The EU puts a nice shine on things, but there are systemic and fundamental characteristics of the EU that not only make it more susceptible to "lobbying" and ignoring the electorate; which are also far more difficult to change by that electorate than in the USA where we still have direct elections of individuals not party lists (in most cases) that cause total loyalty to the party, not the constituency.
But the EU also doesn't have the same level of power as the US federal government. It's a loosely federated coalition of seperate nations, not one entity.

That was the idea of what the EU would be ... now it dictates what people can eat and do even though it is not actually a legitimate or sovereign government, while national/local elections are effectively meaningless exercises as even and especially in Europe, the local elected officials generally will be loyal to the party that can and will protect and bequeath benefits upon them over any local constituents. The EU was and is a con job. Unfortunately, you still believe the old promise of "massive returns with zero risk", until you want to withdraw your earnings.

"A loosely federated coalition of separate nations, not one entity" is actually a very good description of what the USA was before the Civil War and would technically need to abide by in order to be Constitutionally valid and legitimate; but alas, we have whatever this world dominating empire is that wraps itself in the branding and stolen identity of the United States of America, a literal antithesis of what the founders created. It is why there has always been such an intense and relentless propaganda effort to demonize "states' rights", the equivalent of which legitimate European sovereign countries and people will likely also face if the plans to the powers that are seeking to conquer the whole planet succeed. You will be told, your "loosely federated coalition of separate nations" have no right to claim sovereignty or what we call "state nullification", i.e., "states' rights" to simply nullify and invalidate any federal law that is a violation of the 10th Amendment of the Constitution, i.e., the right of states to anything not explicitly conferred upon the Federal government.

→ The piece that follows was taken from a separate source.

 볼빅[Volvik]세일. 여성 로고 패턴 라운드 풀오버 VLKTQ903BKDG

Actually, you don't even have to wait, there have been several examples already that proved without a shadow of a doubt that EU countries are not only no longer sovereign, i.e., "loosely federated coalition of separate states" when certain states disagree or do not wish to go along/vote for what the unelected body of the EU Commission conjures as legislation. You are just visiting the dungeon until you want to leave and the gate has been shut on you.

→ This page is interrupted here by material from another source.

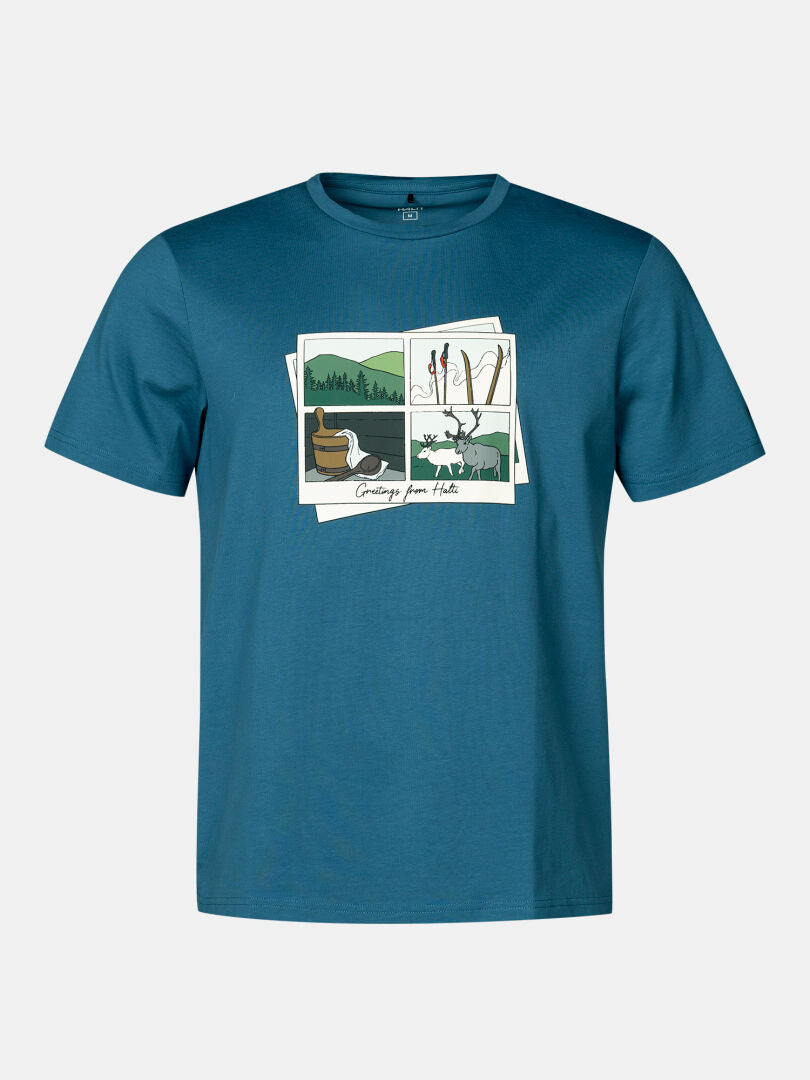 Halti Matka II T-Shirt Herren, blau, Bio-Baumwolle, vier Postkartendrucke, UPF 30+, Text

Without even needing to engage with your argument it falls apart because nations can leave the EU at will. Without getting into the Brexit weeds its proof, we did it. Can't be a tyrant if people can just say no.

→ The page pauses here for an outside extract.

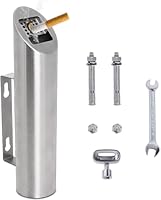 Wandaschenbecher aus Edelstahl, Runde Aschenbecher Wandmontage für Draußen Abschließbarer, Wandascher für Hotel, Büro oder Balkon (Silber)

The Swiss eID is designed the way it is to comply with the EUs digital ID proposal so I wouldn't doom this early.

(this one: https://digital-strategy.ec.europa.eu/en/policies/eudi-regul...)

European Digital Identity (EUDI) Regulation

The European Digital Identity (EUDI) Regulation will revolutionise digital identity in the EU by enabling the creation of a universal, trustworthy, and secure European digital identity wallet.

Shaping Europe’s digital future
This is because it's not an EU/Canada/US thing as much as some would like to make it. It's a "losing that one election" thing. "What about the Children" always sells. What the EU/Canada have is that the US got hit with this wave first so they can see the results. That's a data point the American Voter only had in theory, not in example form. The recent uptick of nationalism has people thinking there's some essentialism between states and there really isn't - anyone who's travelled in more places than the city knows it.